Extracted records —
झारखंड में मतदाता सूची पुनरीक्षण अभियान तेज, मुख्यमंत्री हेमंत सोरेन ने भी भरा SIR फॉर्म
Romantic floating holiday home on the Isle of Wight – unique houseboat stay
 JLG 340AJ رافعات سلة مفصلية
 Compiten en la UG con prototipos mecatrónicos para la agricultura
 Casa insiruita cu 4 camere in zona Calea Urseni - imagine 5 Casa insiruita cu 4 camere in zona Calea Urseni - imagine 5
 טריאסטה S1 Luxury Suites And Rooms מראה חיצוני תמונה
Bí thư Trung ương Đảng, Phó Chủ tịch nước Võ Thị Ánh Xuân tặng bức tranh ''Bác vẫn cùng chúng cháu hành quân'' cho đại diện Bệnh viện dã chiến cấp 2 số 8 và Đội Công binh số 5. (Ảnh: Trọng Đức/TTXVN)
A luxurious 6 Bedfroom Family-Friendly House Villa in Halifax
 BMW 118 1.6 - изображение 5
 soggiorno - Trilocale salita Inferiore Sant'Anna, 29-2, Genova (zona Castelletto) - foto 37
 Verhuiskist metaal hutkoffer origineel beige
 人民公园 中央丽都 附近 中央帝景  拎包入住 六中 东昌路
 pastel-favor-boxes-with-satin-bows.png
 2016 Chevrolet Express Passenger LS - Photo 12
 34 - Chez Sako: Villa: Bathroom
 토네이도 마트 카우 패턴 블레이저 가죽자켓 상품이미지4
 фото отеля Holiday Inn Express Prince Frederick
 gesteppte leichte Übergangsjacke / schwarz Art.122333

Required action — Starting at the line above that holds "soggiorno - Trilocale" and ending at the line that holds "토네이도 마트 카우 패턴 블레이저 가죽자켓 상품이미지4", transcribe each line exactly and include no other lines.

Response —
 soggiorno - Trilocale salita Inferiore Sant'Anna, 29-2, Genova (zona Castelletto) - foto 37
 Verhuiskist metaal hutkoffer origineel beige
 人民公园 中央丽都 附近 中央帝景  拎包入住 六中 东昌路
 pastel-favor-boxes-with-satin-bows.png
 2016 Chevrolet Express Passenger LS - Photo 12
 34 - Chez Sako: Villa: Bathroom
 토네이도 마트 카우 패턴 블레이저 가죽자켓 상품이미지4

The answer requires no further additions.